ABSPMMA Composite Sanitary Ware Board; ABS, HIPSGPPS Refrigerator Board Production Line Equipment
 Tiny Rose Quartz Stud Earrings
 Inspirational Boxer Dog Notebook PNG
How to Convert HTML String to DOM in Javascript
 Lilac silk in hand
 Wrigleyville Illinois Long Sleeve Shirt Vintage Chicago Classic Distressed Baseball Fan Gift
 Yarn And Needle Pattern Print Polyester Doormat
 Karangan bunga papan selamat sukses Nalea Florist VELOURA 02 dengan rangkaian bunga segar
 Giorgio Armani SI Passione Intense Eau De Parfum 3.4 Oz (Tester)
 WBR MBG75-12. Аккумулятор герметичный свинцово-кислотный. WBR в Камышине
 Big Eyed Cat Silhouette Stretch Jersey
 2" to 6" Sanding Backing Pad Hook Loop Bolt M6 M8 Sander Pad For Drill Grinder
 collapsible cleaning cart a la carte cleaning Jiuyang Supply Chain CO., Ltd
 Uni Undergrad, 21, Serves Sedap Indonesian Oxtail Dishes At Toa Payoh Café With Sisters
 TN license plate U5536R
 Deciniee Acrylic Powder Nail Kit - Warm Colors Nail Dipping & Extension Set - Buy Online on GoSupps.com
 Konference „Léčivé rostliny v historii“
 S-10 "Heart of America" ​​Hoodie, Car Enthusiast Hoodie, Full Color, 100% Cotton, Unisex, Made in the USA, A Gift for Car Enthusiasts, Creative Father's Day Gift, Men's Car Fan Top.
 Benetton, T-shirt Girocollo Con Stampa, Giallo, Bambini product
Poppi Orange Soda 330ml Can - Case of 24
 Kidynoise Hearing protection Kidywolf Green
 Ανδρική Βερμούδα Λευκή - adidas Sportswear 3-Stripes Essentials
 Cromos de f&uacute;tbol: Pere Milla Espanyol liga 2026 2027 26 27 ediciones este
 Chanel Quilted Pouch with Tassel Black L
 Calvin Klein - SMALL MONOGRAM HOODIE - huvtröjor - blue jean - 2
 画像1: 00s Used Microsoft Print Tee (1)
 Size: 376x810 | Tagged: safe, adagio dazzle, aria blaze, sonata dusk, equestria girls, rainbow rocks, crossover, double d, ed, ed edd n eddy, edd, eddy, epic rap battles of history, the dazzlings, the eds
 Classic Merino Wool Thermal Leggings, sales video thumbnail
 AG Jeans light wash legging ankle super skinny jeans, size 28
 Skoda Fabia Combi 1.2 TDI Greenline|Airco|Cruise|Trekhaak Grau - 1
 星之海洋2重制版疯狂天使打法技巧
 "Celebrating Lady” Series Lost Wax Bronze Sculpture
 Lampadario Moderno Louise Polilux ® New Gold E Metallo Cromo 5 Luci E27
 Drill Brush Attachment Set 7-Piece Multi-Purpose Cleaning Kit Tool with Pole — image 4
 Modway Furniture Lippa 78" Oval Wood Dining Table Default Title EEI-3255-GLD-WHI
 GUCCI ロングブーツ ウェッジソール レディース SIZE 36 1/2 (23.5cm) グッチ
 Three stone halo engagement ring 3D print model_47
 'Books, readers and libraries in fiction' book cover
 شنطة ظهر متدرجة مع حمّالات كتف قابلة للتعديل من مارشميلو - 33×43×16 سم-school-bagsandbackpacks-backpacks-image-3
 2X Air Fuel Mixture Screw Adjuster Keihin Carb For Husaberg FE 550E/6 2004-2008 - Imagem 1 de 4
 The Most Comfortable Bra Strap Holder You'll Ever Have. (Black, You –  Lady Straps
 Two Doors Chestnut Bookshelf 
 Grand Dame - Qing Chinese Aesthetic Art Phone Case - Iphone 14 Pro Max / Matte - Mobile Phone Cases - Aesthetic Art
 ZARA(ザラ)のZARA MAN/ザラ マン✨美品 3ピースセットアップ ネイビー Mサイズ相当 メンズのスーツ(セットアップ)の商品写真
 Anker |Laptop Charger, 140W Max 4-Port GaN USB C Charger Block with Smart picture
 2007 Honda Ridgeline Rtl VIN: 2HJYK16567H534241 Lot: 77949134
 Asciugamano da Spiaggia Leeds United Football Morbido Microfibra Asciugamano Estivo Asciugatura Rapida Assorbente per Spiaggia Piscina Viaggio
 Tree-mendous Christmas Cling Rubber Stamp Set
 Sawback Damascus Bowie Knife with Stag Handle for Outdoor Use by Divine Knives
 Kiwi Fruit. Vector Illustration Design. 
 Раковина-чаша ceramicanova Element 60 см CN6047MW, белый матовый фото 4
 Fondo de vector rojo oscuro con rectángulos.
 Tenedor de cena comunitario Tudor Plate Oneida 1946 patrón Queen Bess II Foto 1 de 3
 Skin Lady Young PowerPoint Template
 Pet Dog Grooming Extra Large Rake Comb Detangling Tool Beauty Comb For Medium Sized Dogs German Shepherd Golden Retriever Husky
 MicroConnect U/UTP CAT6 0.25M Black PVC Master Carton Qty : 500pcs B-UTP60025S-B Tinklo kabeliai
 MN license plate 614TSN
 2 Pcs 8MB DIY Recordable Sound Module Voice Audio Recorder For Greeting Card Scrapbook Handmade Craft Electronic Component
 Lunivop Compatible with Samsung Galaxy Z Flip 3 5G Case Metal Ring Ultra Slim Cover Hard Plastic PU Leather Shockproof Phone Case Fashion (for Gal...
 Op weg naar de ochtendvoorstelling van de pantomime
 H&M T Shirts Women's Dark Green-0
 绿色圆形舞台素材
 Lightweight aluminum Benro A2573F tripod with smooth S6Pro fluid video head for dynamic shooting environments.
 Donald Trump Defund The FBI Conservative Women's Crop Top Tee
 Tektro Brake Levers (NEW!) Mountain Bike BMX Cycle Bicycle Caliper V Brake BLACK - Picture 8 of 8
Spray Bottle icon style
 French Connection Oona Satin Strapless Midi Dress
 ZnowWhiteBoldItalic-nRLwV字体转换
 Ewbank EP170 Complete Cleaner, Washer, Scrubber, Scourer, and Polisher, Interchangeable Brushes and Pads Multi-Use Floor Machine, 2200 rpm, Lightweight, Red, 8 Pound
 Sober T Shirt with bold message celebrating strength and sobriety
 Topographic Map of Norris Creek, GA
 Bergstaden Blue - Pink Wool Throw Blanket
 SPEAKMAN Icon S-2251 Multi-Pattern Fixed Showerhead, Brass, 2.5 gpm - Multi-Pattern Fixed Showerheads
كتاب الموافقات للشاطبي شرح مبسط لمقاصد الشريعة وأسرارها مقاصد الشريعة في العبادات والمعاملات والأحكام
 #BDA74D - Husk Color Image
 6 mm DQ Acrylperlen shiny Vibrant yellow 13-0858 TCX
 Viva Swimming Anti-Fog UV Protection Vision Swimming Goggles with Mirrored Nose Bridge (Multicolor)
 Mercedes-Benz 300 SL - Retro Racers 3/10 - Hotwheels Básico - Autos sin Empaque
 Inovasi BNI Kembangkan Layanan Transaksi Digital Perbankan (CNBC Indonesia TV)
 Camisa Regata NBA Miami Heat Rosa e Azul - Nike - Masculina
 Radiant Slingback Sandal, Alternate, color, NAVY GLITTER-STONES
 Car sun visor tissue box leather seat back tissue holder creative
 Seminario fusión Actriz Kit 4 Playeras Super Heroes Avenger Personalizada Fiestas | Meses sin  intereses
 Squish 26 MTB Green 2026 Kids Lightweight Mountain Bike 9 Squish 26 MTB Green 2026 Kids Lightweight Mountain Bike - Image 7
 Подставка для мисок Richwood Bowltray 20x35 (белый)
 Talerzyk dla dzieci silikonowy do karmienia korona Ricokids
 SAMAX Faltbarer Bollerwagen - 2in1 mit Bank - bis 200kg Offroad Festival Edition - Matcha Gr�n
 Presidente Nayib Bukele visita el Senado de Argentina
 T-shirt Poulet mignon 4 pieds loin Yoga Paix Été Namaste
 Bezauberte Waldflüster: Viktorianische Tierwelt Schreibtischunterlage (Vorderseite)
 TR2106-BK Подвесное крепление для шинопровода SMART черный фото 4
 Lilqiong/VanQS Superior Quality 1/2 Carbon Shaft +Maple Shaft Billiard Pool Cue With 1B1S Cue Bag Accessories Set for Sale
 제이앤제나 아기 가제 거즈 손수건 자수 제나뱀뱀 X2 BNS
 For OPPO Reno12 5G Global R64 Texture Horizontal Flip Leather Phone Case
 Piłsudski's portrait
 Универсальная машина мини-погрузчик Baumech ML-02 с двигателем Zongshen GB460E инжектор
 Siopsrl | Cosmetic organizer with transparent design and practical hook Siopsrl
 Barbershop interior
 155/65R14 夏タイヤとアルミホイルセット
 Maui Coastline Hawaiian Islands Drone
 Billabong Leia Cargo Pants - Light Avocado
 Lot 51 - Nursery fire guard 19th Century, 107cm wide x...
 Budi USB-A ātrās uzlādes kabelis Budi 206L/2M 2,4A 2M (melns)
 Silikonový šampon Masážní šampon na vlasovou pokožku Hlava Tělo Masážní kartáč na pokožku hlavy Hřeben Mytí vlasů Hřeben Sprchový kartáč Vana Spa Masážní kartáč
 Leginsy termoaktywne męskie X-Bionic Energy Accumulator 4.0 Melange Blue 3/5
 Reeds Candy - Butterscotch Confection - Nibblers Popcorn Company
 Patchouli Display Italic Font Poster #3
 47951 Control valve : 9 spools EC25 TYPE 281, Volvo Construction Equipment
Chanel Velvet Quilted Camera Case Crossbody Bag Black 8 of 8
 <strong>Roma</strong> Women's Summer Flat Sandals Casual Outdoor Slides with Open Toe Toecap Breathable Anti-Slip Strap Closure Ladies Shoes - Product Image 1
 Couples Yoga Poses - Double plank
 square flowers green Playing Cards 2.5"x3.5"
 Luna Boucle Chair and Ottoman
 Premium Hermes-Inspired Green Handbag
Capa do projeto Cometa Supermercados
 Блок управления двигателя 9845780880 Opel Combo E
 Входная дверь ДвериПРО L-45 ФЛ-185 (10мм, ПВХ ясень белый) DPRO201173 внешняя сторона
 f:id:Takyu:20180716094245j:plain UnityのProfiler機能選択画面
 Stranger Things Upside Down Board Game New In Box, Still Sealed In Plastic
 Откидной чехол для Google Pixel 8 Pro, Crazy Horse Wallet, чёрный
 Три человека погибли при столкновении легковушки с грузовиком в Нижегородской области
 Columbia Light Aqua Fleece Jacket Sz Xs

Directions:
Beginning at the line where "Stranger Things Upside" appears, extract each line through the end of the data above; keep them exact and include nothing else.

Response below:
 Stranger Things Upside Down Board Game New In Box, Still Sealed In Plastic
 Откидной чехол для Google Pixel 8 Pro, Crazy Horse Wallet, чёрный
 Три человека погибли при столкновении легковушки с грузовиком в Нижегородской области
 Columbia Light Aqua Fleece Jacket Sz Xs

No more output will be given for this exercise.